Hub into the Australian Outback


Alice Springs is the only major city close to the geographical centre of Australia. The next largest city is more than 1,300 kilometres away (Adelaide or Darwin). It is located in the Northern Territory and has about 24,000 inhabitants. It offers cave-like gorges, boundless desert landscapes and remote Aboriginal communities and is the starting point for excursions to the Outback or "Red Centre", the characteristic semi-desert with red sand and an area of about 1,000,000 km². The large plain is only sparsely overgrown with Triodia. It is a hub for sightseeing and hiking in the region, such as Uluru (Ayers Rock) or Kata Tjuta (The Olgas).


Super quiet hostel (but not at night)


After a 12 hour drive from Coober Pedy I reached Alice Springs, in the middle of the Australian nowhere. I had booked a bed in the Alice's Secret Travellers Inn, a hostel with terrific reviews in the internet. The best things about it was the garden with beautiful decorations, graphics, sculptures and light installations. The hostel was filled with Germans and nobody talked much with each other. In the kitchen there was total silence, only in the toilet they curiously played music. In my room there were two stupid Germans who went in and out all night to roll joints and smoke. As a matter of fact, a few weeks later I had to share a room with these 2 idiots again in a city 2000 kilometers away.  Later I changed to the Jump Inn Alice Budget, because it was cheaper and I liked the atmosphere there better. The people working there were much nicer and they even had a restaurant included with cool draft beers.


Many drunken Aborigines


Alice Springs is a small town and counts one of the highest percentage of Australian aborigines. These people don't really know what to do with the time they used to spend preparing food or hunting and the money the Australian government gives them. Thus, you often come across completely drunk Australian Aborigines who scream loudly, smell, beg for cigarettes and sleep out their intoxication in the park. On the bus trip before, one of them was talking loudly almost the whole time with his sister who was sitting several rows further ahead.

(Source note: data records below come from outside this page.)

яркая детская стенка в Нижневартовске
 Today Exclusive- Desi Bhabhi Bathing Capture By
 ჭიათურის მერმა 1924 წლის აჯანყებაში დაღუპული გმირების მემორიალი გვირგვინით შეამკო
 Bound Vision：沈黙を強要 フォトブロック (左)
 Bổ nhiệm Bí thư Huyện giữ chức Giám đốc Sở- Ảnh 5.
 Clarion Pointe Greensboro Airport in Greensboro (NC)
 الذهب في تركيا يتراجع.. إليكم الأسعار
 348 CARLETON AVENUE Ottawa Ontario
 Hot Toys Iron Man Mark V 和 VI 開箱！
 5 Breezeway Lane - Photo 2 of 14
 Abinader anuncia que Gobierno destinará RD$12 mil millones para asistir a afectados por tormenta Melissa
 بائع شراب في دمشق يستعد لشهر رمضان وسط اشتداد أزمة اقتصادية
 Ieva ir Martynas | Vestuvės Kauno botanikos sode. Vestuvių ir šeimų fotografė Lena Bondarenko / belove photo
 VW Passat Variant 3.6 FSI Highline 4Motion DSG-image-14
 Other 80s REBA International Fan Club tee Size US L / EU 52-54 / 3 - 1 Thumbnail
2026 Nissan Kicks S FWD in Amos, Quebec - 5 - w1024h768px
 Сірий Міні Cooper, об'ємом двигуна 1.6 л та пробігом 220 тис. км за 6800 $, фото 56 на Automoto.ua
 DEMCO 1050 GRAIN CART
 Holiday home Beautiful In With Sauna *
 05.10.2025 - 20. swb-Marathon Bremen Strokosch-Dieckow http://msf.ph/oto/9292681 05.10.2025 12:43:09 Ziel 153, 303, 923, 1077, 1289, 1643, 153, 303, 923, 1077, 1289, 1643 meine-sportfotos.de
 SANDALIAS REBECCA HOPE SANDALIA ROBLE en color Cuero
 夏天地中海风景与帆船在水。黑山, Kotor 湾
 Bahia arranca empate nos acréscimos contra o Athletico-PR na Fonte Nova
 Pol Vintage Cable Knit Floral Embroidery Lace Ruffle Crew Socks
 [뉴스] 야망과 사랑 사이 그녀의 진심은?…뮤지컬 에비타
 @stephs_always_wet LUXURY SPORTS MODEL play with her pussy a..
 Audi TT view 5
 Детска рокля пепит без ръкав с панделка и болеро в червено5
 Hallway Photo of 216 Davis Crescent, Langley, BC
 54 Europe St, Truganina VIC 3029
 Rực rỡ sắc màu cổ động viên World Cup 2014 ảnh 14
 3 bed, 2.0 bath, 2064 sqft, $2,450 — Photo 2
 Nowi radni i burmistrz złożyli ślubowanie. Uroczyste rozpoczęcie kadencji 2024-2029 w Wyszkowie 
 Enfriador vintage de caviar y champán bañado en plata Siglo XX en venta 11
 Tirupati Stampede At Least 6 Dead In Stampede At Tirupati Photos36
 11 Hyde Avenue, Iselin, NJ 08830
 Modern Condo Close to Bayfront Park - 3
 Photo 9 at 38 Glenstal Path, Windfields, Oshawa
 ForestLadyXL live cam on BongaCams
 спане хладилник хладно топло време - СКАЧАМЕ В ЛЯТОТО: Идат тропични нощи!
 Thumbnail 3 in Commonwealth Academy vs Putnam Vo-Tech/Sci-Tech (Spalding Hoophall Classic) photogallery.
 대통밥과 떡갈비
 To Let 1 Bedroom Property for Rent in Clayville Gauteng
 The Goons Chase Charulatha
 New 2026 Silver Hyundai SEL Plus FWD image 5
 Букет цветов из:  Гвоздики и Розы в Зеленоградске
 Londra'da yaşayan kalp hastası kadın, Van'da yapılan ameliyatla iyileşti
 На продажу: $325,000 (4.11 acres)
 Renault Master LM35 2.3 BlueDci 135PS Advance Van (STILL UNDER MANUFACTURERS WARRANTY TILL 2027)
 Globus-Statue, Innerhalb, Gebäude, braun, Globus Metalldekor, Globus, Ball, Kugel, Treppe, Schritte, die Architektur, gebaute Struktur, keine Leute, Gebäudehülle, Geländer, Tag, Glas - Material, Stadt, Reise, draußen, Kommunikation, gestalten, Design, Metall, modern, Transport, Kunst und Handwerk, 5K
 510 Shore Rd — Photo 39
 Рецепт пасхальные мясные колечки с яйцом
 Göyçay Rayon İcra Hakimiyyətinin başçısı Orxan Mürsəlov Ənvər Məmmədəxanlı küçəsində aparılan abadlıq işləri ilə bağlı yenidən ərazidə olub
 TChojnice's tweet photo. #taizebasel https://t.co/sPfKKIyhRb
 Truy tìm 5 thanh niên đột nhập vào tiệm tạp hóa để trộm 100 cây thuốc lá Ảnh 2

Already with their phenotype Aborigines appear to be alien in today's Australian society. With their broad and wrinkled faces, compact bodies, flat and fat nose, bulging lips and frizzy black hair, they look very similar to the earlier prehistoric humans. Germans in my room even referred to the Aborigines as "monkeys". Although the Australian government accounts for much of the misery of the Aboriginal people, the Aborigines are for me the most depraved native people that I met (perhaps on a par with the gypsies in Eastern Europe).


Walking to the view point


To get a good view of the city, you should take a short walk to Anzac Hill. The city itself doesn't offer much, it looks a bit stuck in time like a town from the 1990s. After 4 p.m. the city center is pretty much deserted and when darkness falls you should be careful.  The city is considered to be one of the more dangerous in the country (because of drunken Aborigines). From Alice Springs I started my 3-day tour to Ayers Rock, the holy hill of the Aborignees (about which I write in another article).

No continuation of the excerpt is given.